Emily Gould: The Bell Jar was famously panned when it was first published in the UK, and a good review would probably have been encouraging to the author, so I would definitely like to travel back in time and review it reverently, thereby saving Sylvia Plath’s life (at least temporarily?? yikes.) I wrote an essay a while back about how wonderful, strange and misunderstood I think this book is; it’s still one of my favorites. It was so far ahead of its time that it may still be ahead of its time.
BM: What unheralded book from the past year would you like to give a shout-out to?
EG: I loved Andrea Kleine’s novel Eden, which got good reviews but I didn’t hear as many people talking about it as I would have liked to.

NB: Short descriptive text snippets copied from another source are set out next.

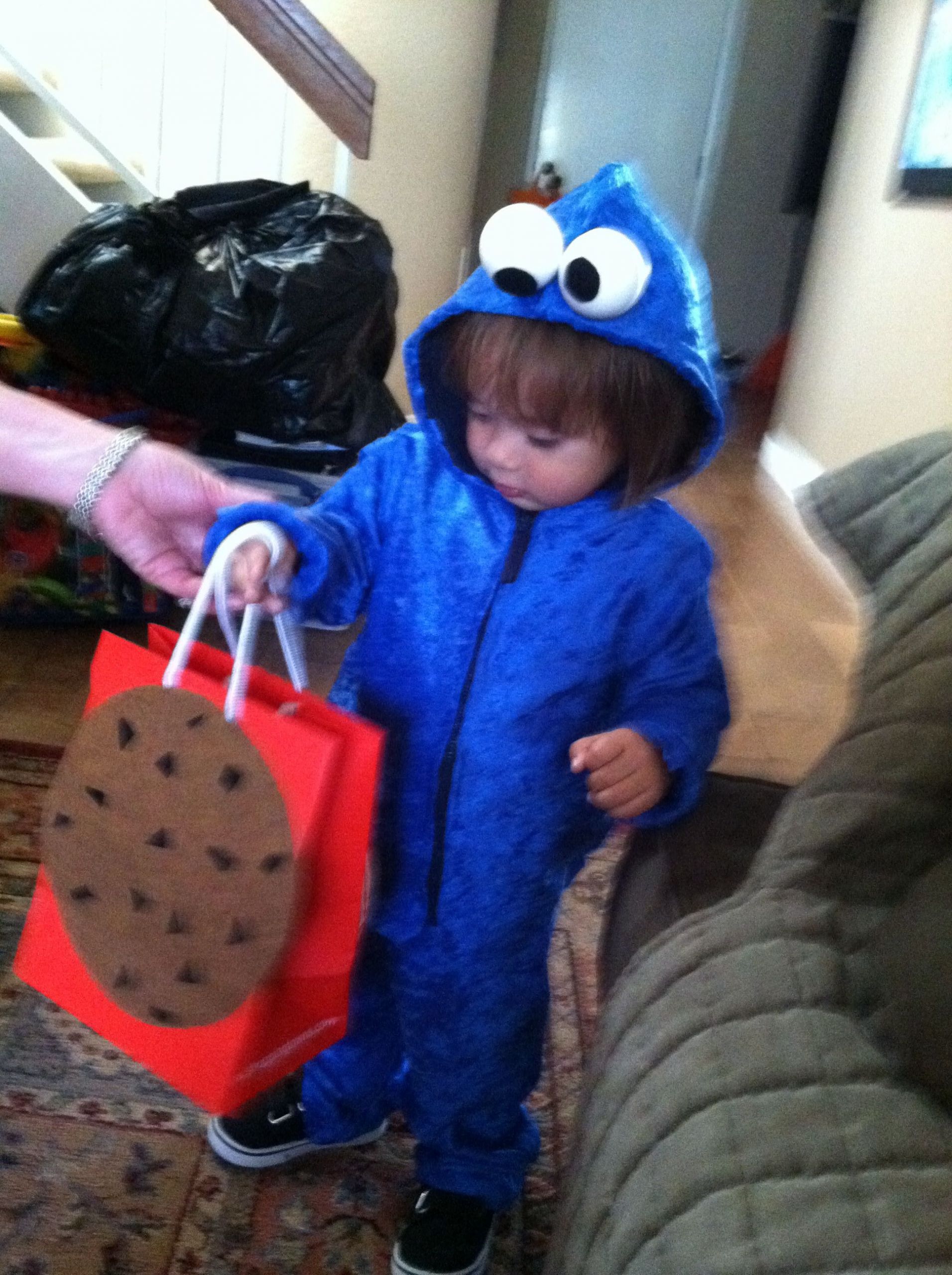 DIY Toddler Monster Costume
 DIY Cookie Monster costume for Jaxson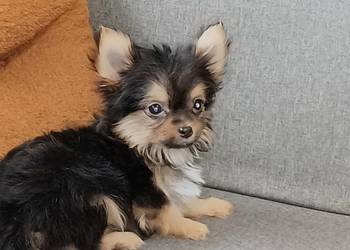 Chihuahua pieski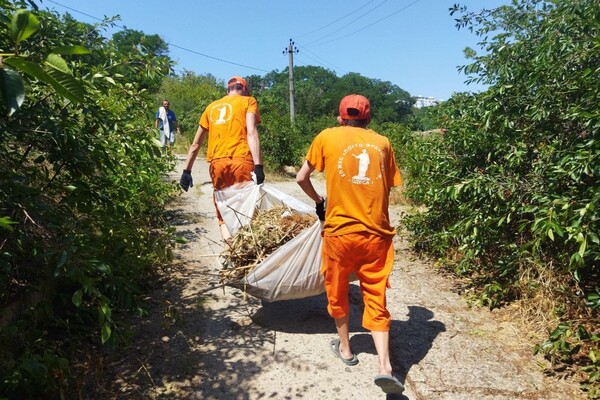 Свежий мониторинг воды в Одессе: что нашли 23 июня  фото 4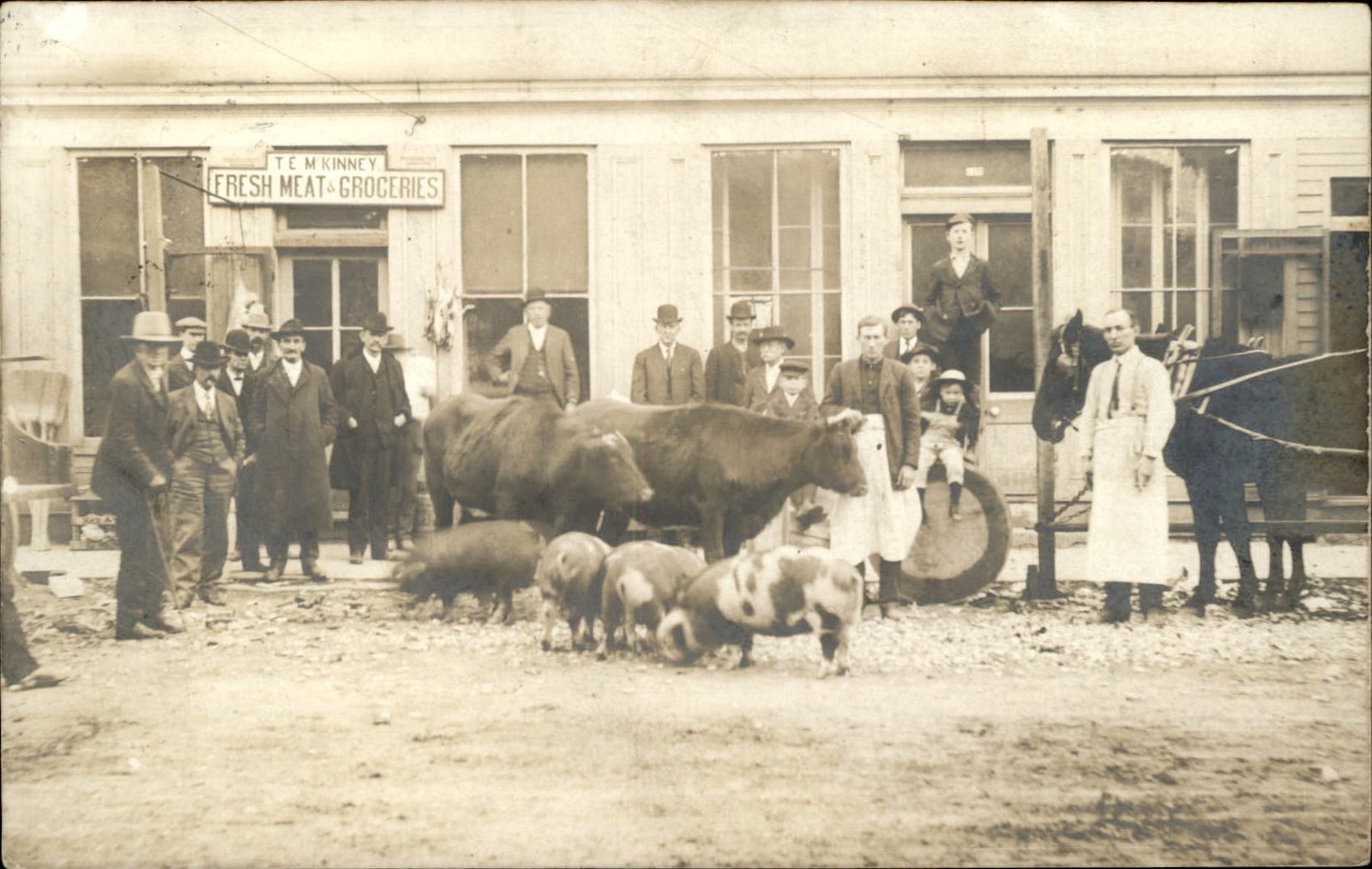 Falmouth KY General Store Livestock GREAT IMAGE c1910 Real Photo Postcard bhn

It had a beguiling simplicity that might have made it a tough sell, and it’s also very overtly, realistically about how a childhood trauma has damaged the narrator’s life and relationships. Trauma, fun! I loved it. I think having an un-showy, restrained prose style has fallen out of fashion in some quarters. This book contains nothing extraneous and I think that’s really cool.
BM: What is the greatest misconception about book critics and criticism?
EG: Maybe that it’s the height of critical skill to write a really scorching pan. I definitely thought it was fun to write bad reviews when I was younger, back when I was honing my funny meanness and had no idea that actions have consequences and that I would not be young forever or even for another like 5 years. It turns out that funny meanness is a skill with a limited shelf-life. It’s harder and more valuable to be compassionate in your criticism, unless you really feel that something was written in bad faith and readers need to be warned away. You can be compassionate and not be full of shit. It’s much harder to write a good review than it is to write a bad one.
BM: How has book criticism changed in the age of social media?
EG: The flattening of discourse into BEST or WORST is uh … THE WORST. Also people are very scared of being canceled and this is bad for both books and criticism, duh.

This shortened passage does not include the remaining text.